Pre-draft measurables
| Height | Weight | Arm length | Hand span | Wingspan | 40-yard dash | 10-yard split | 20-yard split | 20-yard shuttle | Three-cone drill | Vertical jump | Broad jump | Bench press |
| 5 ft 11+1⁄2 in (1.82 m) | 194 lb (88 kg) | 30+7⁄8 in (0.78 m) | 9+3⁄8 in (0.24 m) | 6 ft 2+7⁄8 in (1.90 m) | 4.40 s | 1.55 s | 2.58 s | 4.13 s | 6.84 s | 37.5 in (0.95 m) | 10 ft 7 in (3.23 m) | 15 reps |
All values from NFL Combine and Texas's Pro Day

===Jacksonville Jaguars===
On May 2, 2022, Thompson signed with the Jacksonville Jaguars as an undrafted free agent following the 2022 NFL draft. On August 30, 2022, after the final roster cutdown of the preseason, Thompson made the 53-man roster for the 2022 season, but was waived the next day and re-signed to the practice squad.

===Tennessee Titans===
On October 17, 2022, Thompson was signed by the Tennessee Titans off the Jaguars practice squad. He was placed on injured reserve on November 12, 2022. He was activated on December 10.
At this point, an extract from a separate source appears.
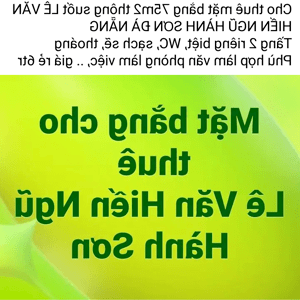 Cho Thuê Mặt Bằng 75m2 Thông Suốt LÊ VĂN HIẾN NGŨ HÀNH SƠN ĐÀ NẴNG Tầng 2 Riêng Biệt, WC, Sạch Sẽ, Thoáng Phù Hợp Làm Văn Phòng Làm Việc, .. Giá Rẻ 6tr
On July 23, 2023, Thompson was placed on the active/non-football injury list. He was activated from the active/non-football injury list on August 14, 2023. He was waived on August 28. He was re-signed to the practice squad on November 7. He was not signed to a reserve/future contract and thus became a free agent when his contract expired at the end of the season.

===Houston Texans===
On January 25, 2024, Thompson signed a reserve/future contract with the Houston Texans. He was waived on April 9.

===Atlanta Falcons===
On August 12, 2024, Thompson signed with the Atlanta Falcons. He was waived/injured on August 27.

On June 2, 2025, Thompson re-signed with the Falcons. He was waived on August 23.

===Columbus Aviators===
On January 14, 2026, Thompson was drafted by the Columbus Aviators in Day 2 of the 2026 UFL Draft. He was released on February 16.